Aim of the task
In your copy, leave out the pictures and repeat every record exactly.

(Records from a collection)
+--
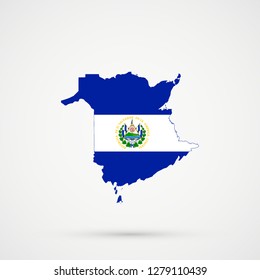 New Brunswick map in El Salvador flag colors, editable vector.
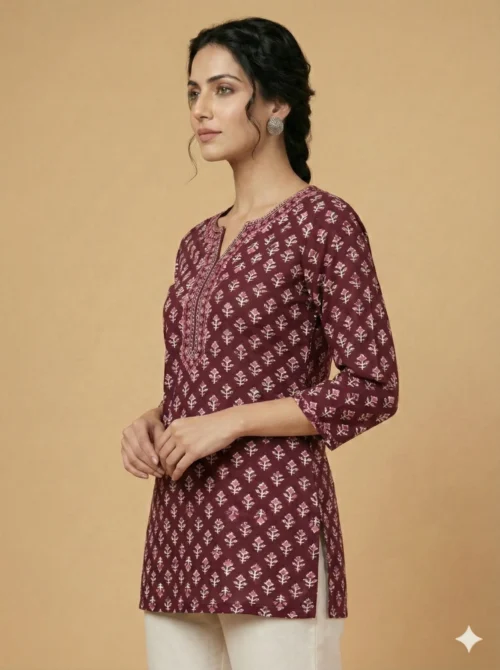 Blood Red Printed Short Kurti - Blood Red Printed Short Kurti - Kottons Blood Red Printed Short Kurti
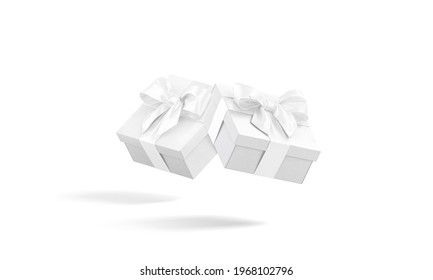 Blank White Gift Box With Ribbon Bow Mockup, No Gravity, 3d Rendering. Empty Packing Basket For Mystery Prize Mock Up, Isolated. Clear Cardboard Case With Tape For Decorative Compliment Template.
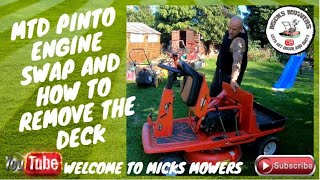 MTD Pinto Ride on lawn Mower Engine Swap  How to Remove the Deck [upl. by Leonhard]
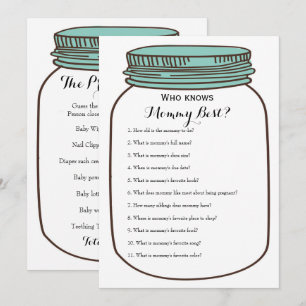 Invitation Pots de maçon turquoises 2 jeux de baby shower de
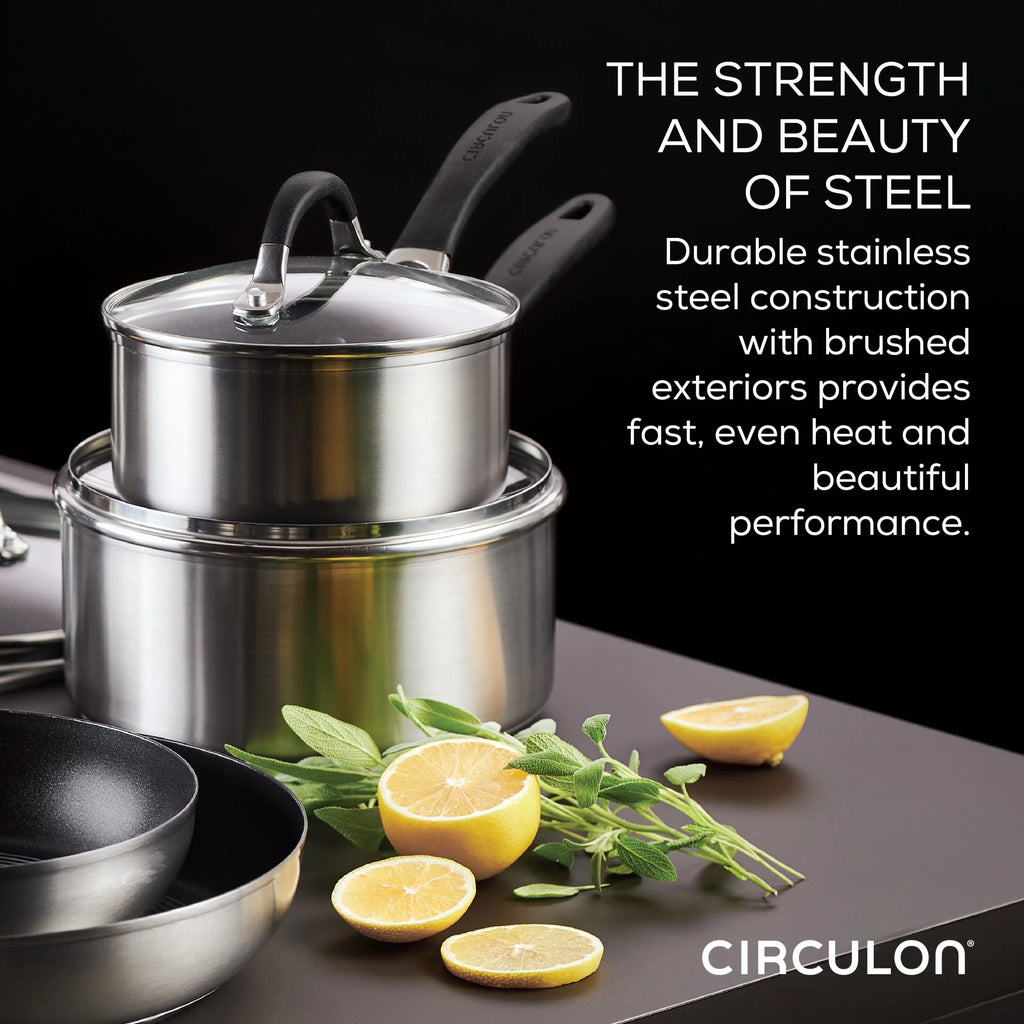 Silver Stainless Steel Skillet B7183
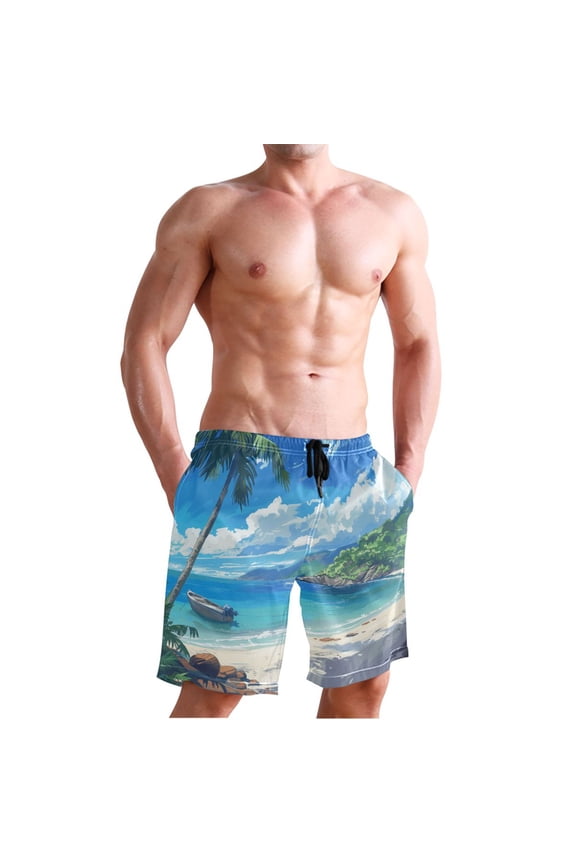 Men's Quick Dry Swim Trunks Beach Shorts Casual Summer Board Shorts with Pockets, Boat on Sea and Beach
+--
Written response
 New Brunswick map in El Salvador flag colors, editable vector.
 Blood Red Printed Short Kurti - Blood Red Printed Short Kurti - Kottons Blood Red Printed Short Kurti
 Blank White Gift Box With Ribbon Bow Mockup, No Gravity, 3d Rendering. Empty Packing Basket For Mystery Prize Mock Up, Isolated. Clear Cardboard Case With Tape For Decorative Compliment Template.
 MTD Pinto Ride on lawn Mower Engine Swap  How to Remove the Deck [upl. by Leonhard]
 Invitation Pots de maçon turquoises 2 jeux de baby shower de
 Silver Stainless Steel Skillet B7183
 Men's Quick Dry Swim Trunks Beach Shorts Casual Summer Board Shorts with Pockets, Boat on Sea and Beach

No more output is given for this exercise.